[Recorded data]
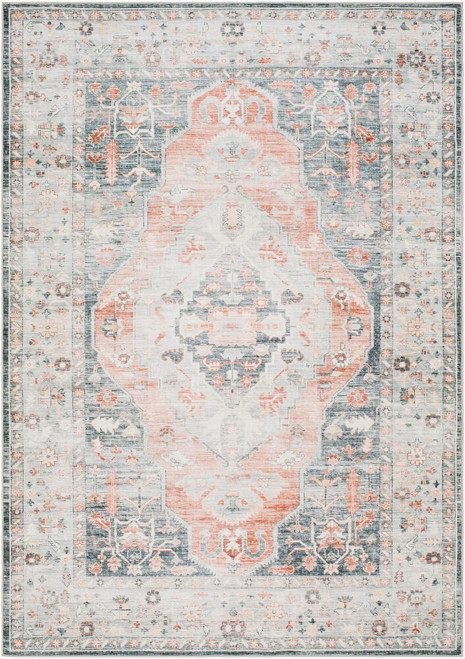 Livabliss Lavable LVB-2309 Rug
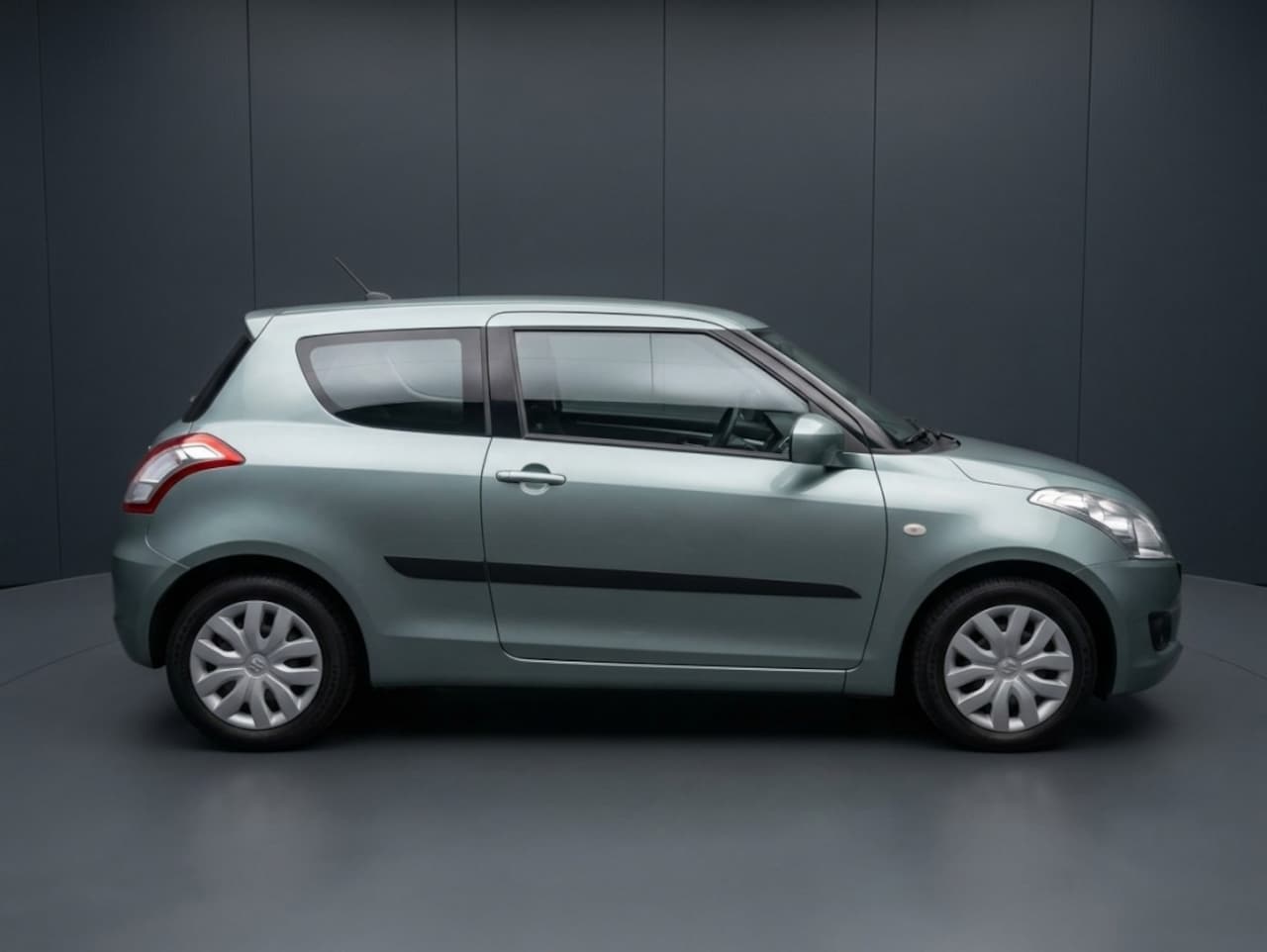 Suzuki Swift - 1.2 Comfort Trekhaak - AutoWereld.nl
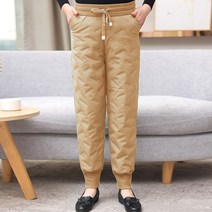 랩 우모 바지 우모복 백패킹 클라이밍 등산 방풍 여성 방한복 겨울 여자 거위털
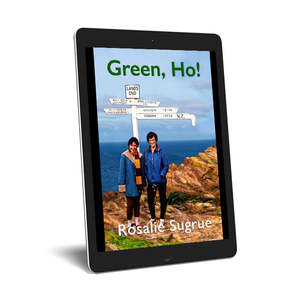 Green, Ho! - eBooks.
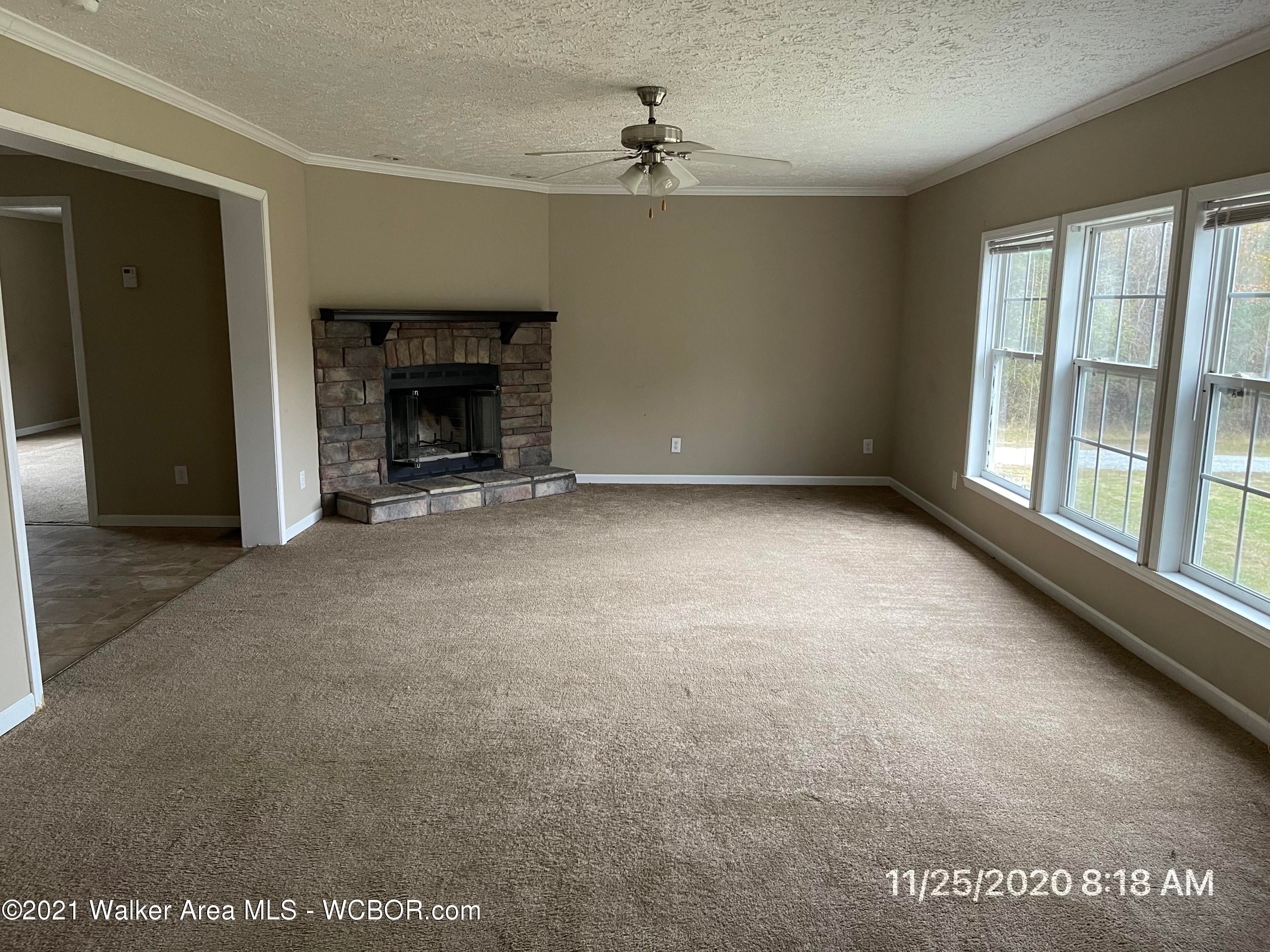 920 Willcutt Road Berry, AL 35546 - Photo 2 of 11 Gallery Image 2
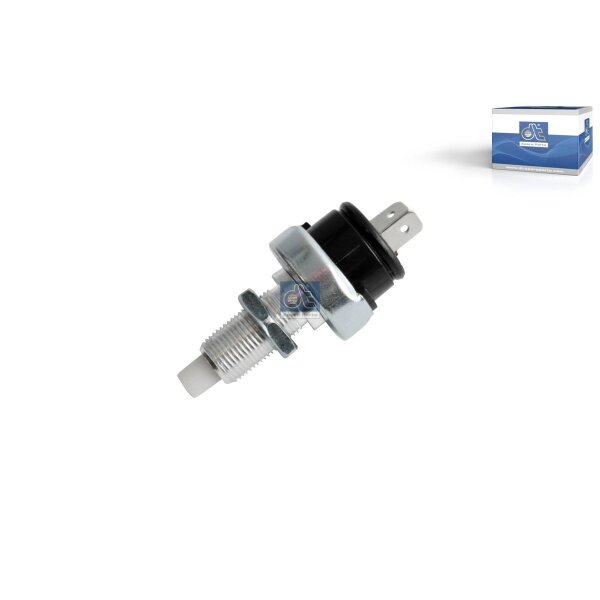 Brake Light Switch electric DT SPARE PARTS for MERCEDES-BENZ NG and others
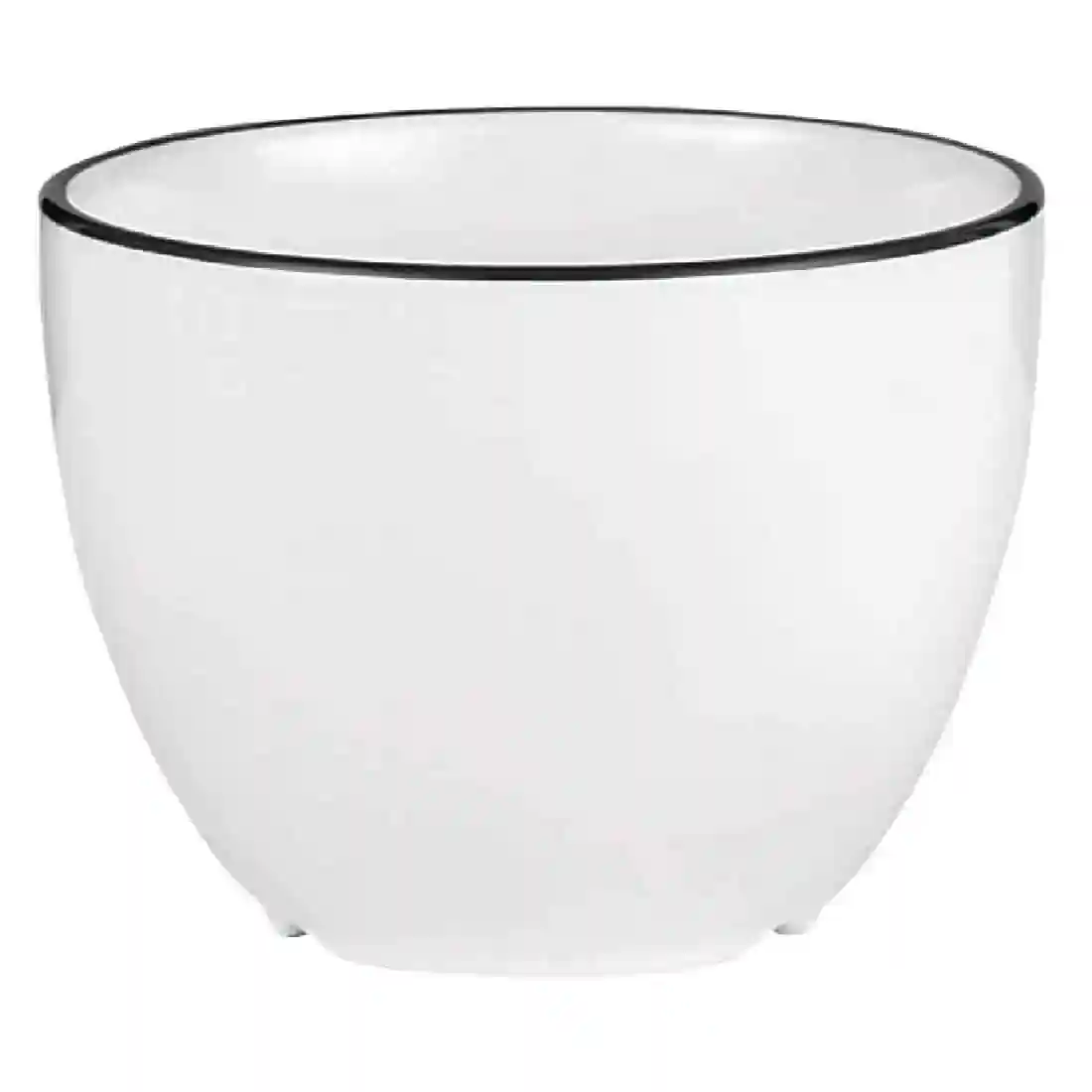 Churchill Alchemy Mono Open Sugar Bowls 220ml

## What is expected:
A faithful reproduction of every entry, with no pictures, is the expected answer.

## Solved problem:
 Livabliss Lavable LVB-2309 Rug
 Suzuki Swift - 1.2 Comfort Trekhaak - AutoWereld.nl
 랩 우모 바지 우모복 백패킹 클라이밍 등산 방풍 여성 방한복 겨울 여자 거위털
 Green, Ho! - eBooks.
 920 Willcutt Road Berry, AL 35546 - Photo 2 of 11 Gallery Image 2
 Brake Light Switch electric DT SPARE PARTS for MERCEDES-BENZ NG and others
 Churchill Alchemy Mono Open Sugar Bowls 220ml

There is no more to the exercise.